Dun Emer Press
Dates
- Existence: 1902 - 1908
Historical Note
Dun Emer Press began as one of three branches of the Dun Emer Guild, an arts and crafts cooperative run by and employing women. The Guild was co-founded in 1902 by Evelyn Gleeson, who oversaw weaving, Elizabeth Yeats, who ran the printing press, and Lily Yeats, who specialized in embroidery, and was located in Gleeson's home, also called Dun Emer, in Dundrum, near Dublin, Ireland.
Dun Emer Press produced hand-printed, limited editions of books, broadsheets, and cards with Celtic Revival illustrations and poems. The printing style had roots in William Morris's Kelmscott Press, and the Women's Printing Society in London, where Elizabeth had trained. The texts it published were written or selected by W. B. Yeats, who was the press's literary editor and who also subsidized its operations. The broadsheets and many of the cards were illustrated by Jack B. Yeats. The Press produced its first publications in 1903, and by 1904 it was under the umbrella of Dun Emer Industries, a separation of the Yeats sisters' work from that of the Guild under strained relations with Gleeson.
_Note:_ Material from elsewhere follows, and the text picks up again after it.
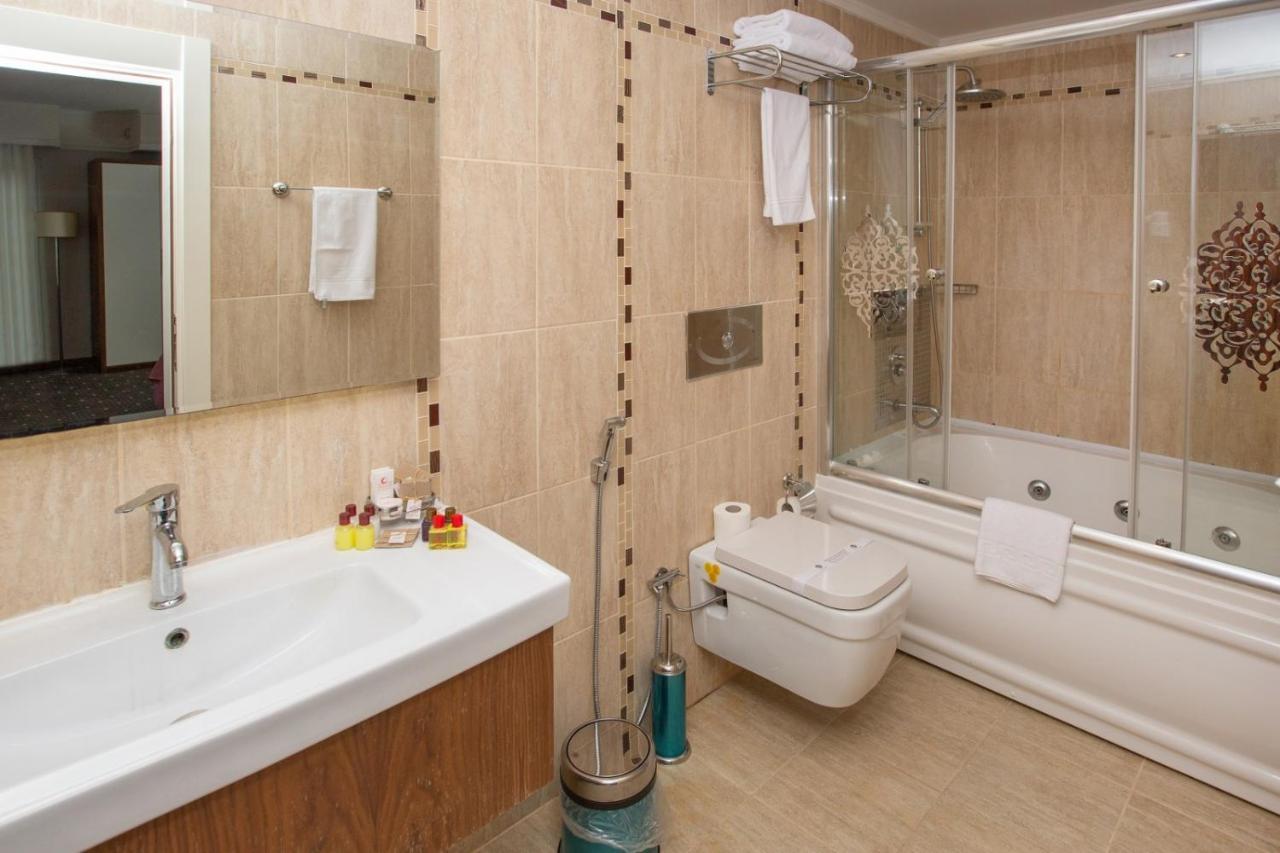 Jolnar Garden Hotel Macka Bagian luar foto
In 1908 the Yeats sisters separated from Dun Emer entirely, opening Cuala Industries (Including Cuala Press) in nearby Churchtown, Dublin. Gleeson retained Dun Emer Guild and continued textile production there.
Social Networks and Archival Context (SNAC) Identifier
Found in 1 Collection or Record:
Boston College collection of Yeats family papers
The Boston College collection of Yeats family papers includes artwork, correspondence, manuscripts, notebooks, and photographs by and about siblings W. B., Elizabeth Corbet, Lily, and Jack B. Yeats; their father, John Butler Yeats; the wife of W. B., Georgie Yeats; the daughter of W.B., Anne Yeats; and the son of W.B., Michael B. Yeats. It also documents the running of Cuala Press, a Yeats family business.
Collection is open for research; portions of the collection available digitally.